There is not necessarily a one-to-one mapping between DB2 cluster elements and the underlying cluster manager resources and resource groups.
Understanding how the DB2 pureScale Feature automatically handles failure
When a failure occurs in the DB2 pureScale instance, DB2 cluster services automatically attempts to restart the failed resources. When and where the restart occurs depends on different factors, such as the type of resource that failed and the point in the resource life cycle at which the failure occurred.

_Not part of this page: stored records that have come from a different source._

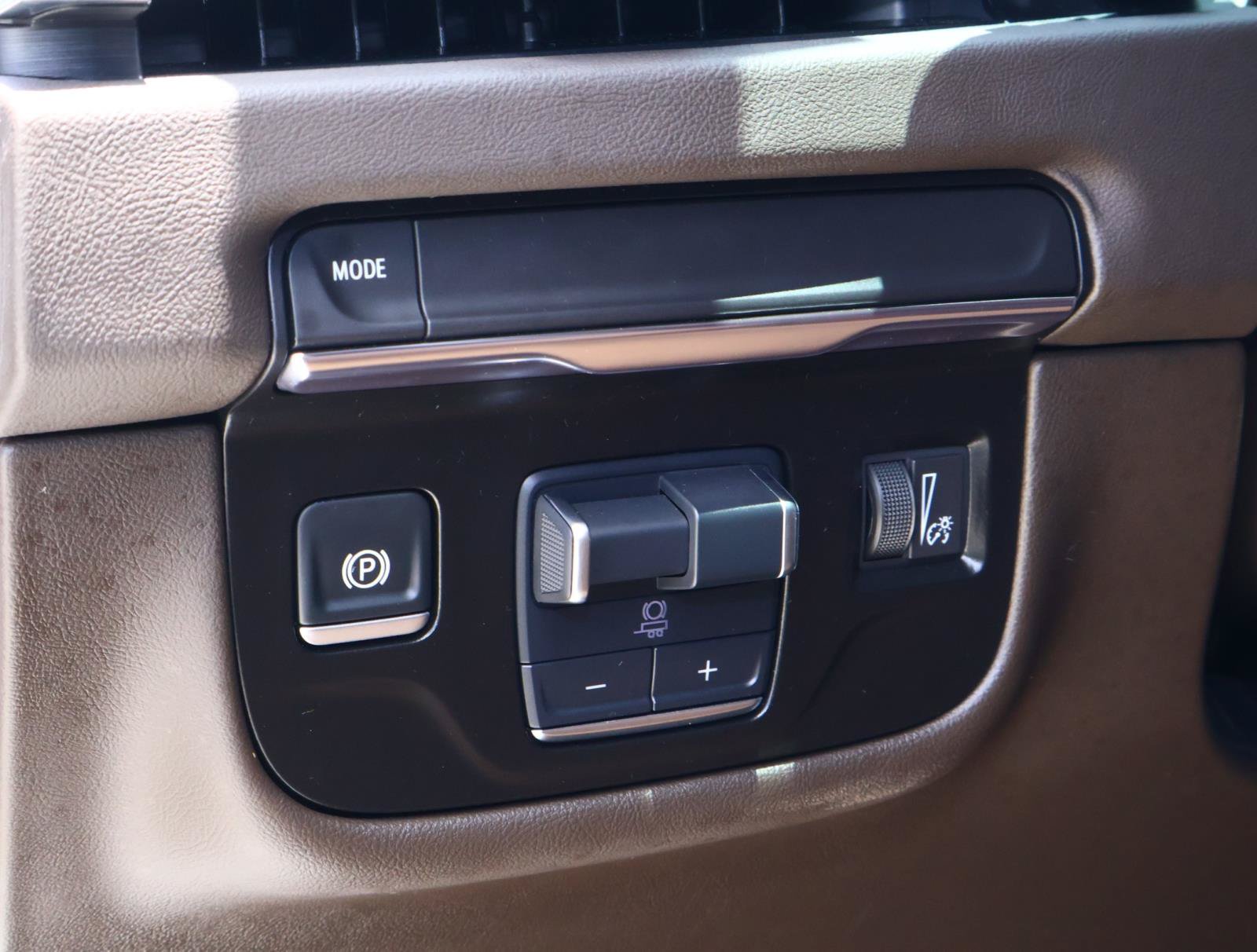 Certified 2025 Cadillac Escalade Premium Luxury RWD image 32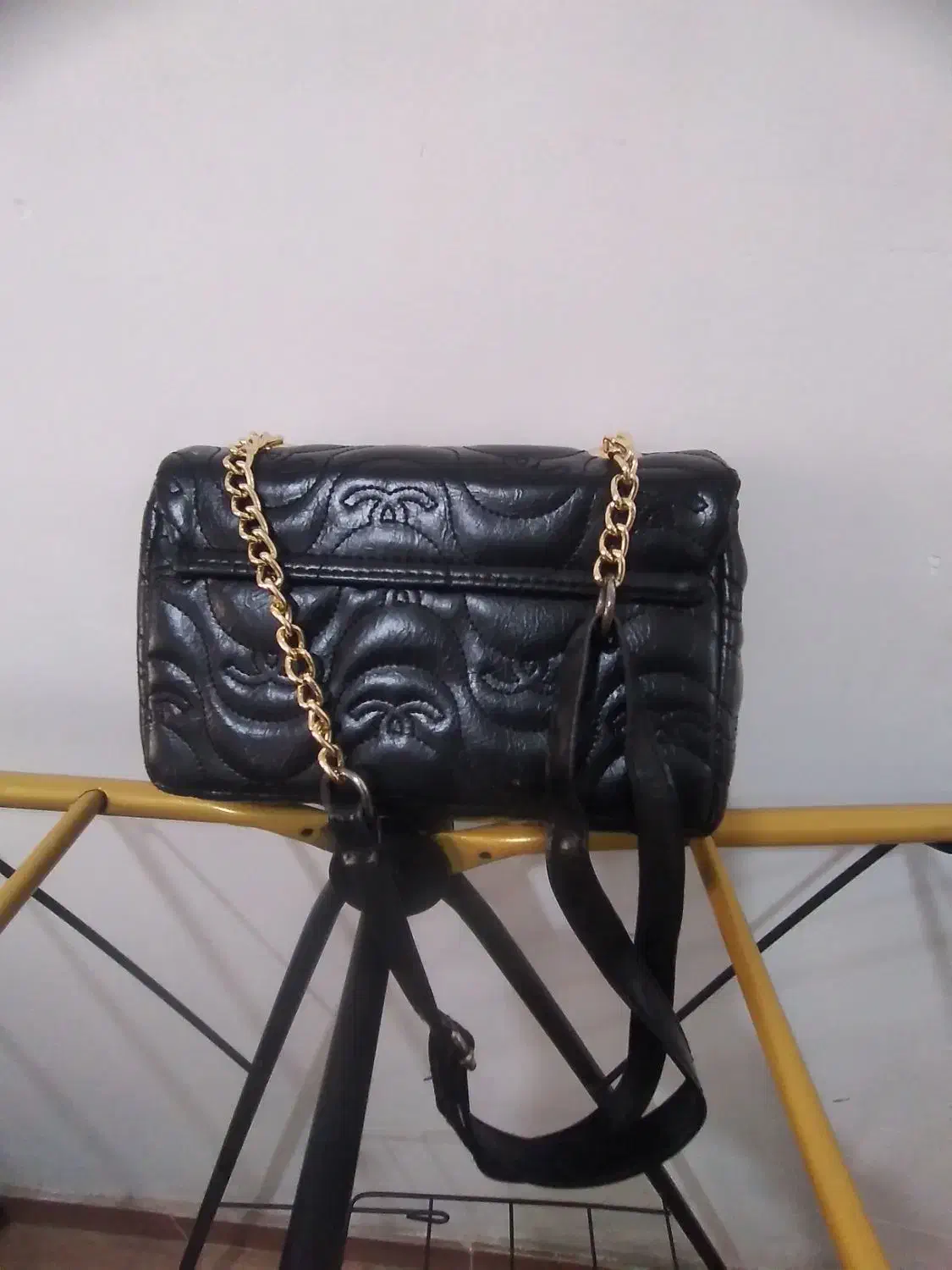 کیف مشکی|کیف، کفش، کمربند|فومن, |دیوار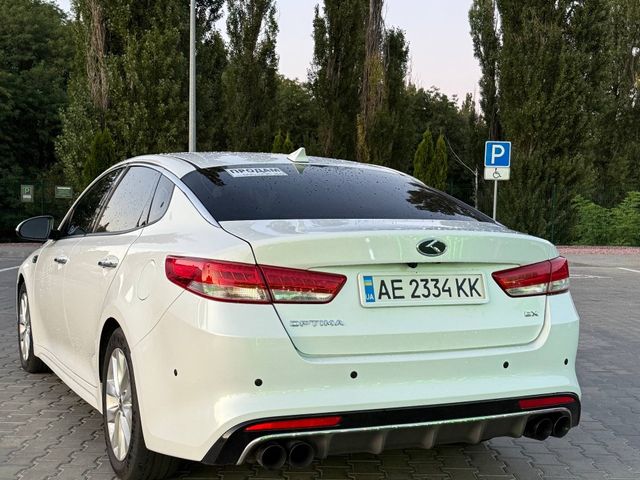 Kia Optima - фото 3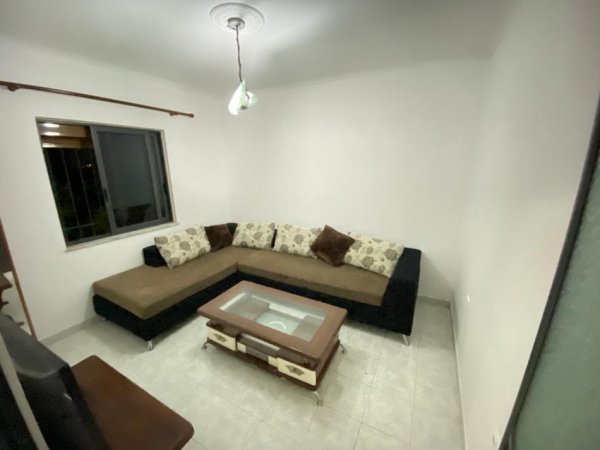 Tirane, jepet me qera apartament 2+1 Kati 2, 65 m² 300 € (Sanatorium)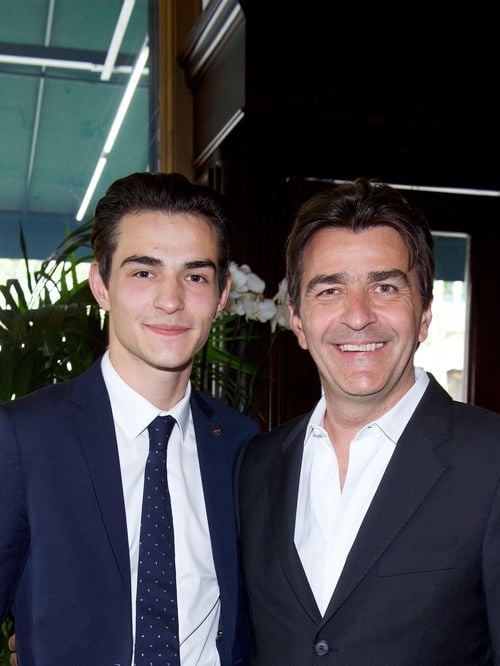 Après avoir mis de côté la cuisine, Thomas, le fils de Yannick Alléno, franchit un cap majeur : "L'histoire ne fait que commencer"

If a software or hardware failure on a host causes a DB2 member to fail, DB2 cluster services automatically restarts the member. DB2 members can be restarted on either the same host (local restart) or if that fails, on a different host (member restart in restart light mode). Restarting a member on another host is called failover.
Member restart includes restarting failed DB2 processes and performing member crash recovery (undoing or reapplying log transactions) in order to roll back any 'in-flight' transactions and to free any locks held by them. Member restart also ensures that updated pages have been written to the CF.
When a member is restarted on a different host in restart light mode, minimal resources are used on the new host (which is the home host of another DB2 member). A member running in restart light mode does not process new transactions, because its sole purpose is to perform member crash recovery. The databases on the failed member are recovered to a point of consistency as quickly as possible. This enables other active members to access and change database objects that were locked by the abnormally terminated member. All in-flight transactions from the failed member are rolled back and all locks that were held at the time of the abnormal termination of the member are released. Although the member does not accept new transactions, it remains available for resolution of in-doubt transactions. When a DB2 member has failed-over to a new host, the total processing capability of the whole cluster is reduced temporarily. When the home host is active and available again, the DB2 member automatically fails back to the home host, and the DB2 member is restarted on its home host. The cluster's processing capability is restored as soon as the DB2 member has failed back and restarted on its home host. Transactions on all other DB2 members are not affected during the failback process.